This week Casey noted the then historic accomplishment of Fleetwood Mac having four hits that made the top 10, all originating from one album, Rumours. He claimed it was the first album of the 70's to do such, implying an act like the Beatles might've had more. The "originating" word would leave out compilation/Greatest Hits albums or live versions on a concert album.
Michael Jackson would be the first to match that accomplishment with four top 10 hits in 1979-80 with "Off the Wall," and he then crushed the record in 1982-1984 with 7 top 10 hits from "Thriller" which broke open the floodgates for hit albums suddenly having 5 or more singles released, with 4 top 10's being done by rather ordinary artists like Richard Marx or Expose....and the standard became 4 or 5 number one singles from an album (Michael Jackson again, George Michael, Whitney Houston, Janet Jackson, Paula Abdul).
The arrival of the "Soundscan" era of actually counting singles and sales in 1991 brought an end for awhile to such huge numbers of even top 10's, making even 2 #1's from an album a serious accomplishment and the top 10's per album were likewise limited as the charts slowed way down.
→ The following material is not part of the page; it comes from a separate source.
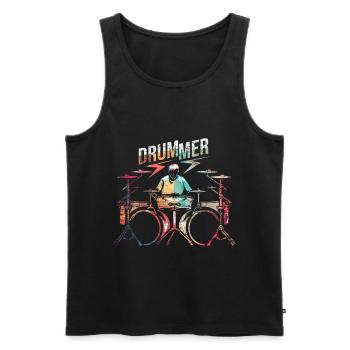 Batterie de batteur - Débardeur bio Premium Homme - noir - Devant - AI Model Male 178 light (178cm)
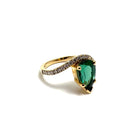 18KY Ring Gen. Gr.Tourmaline Pear =2.35ct 28Dia=0.42ct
That all flipped around again when then whole idea of a single was challenged with streaming music and digital downloads of tracks from albums. Now, for a big name artist like Drake (the master of this!) or Taylor Swift, or even SZA, your opening week for an album might carry many of the tracks into the Hot 100...with Taylor Swift in late 2022 pulling off the ultimate -- she claimed the entire top 10, with only one of those being a traditional radio-pushed single "Anti-Hero."
Ten does seem the natural limit -- to get to 11, you'd have to do the Taylor trick of covering the top 10 your first week then push one of the rest of the tracks later to radio eventually get to top 10 status, knowing that on initial release, it was not a fan favorite.
Given that Thriller only had 9 tracks to begin with, it demonstrates how fundamentally music purchasing and marketing has changed.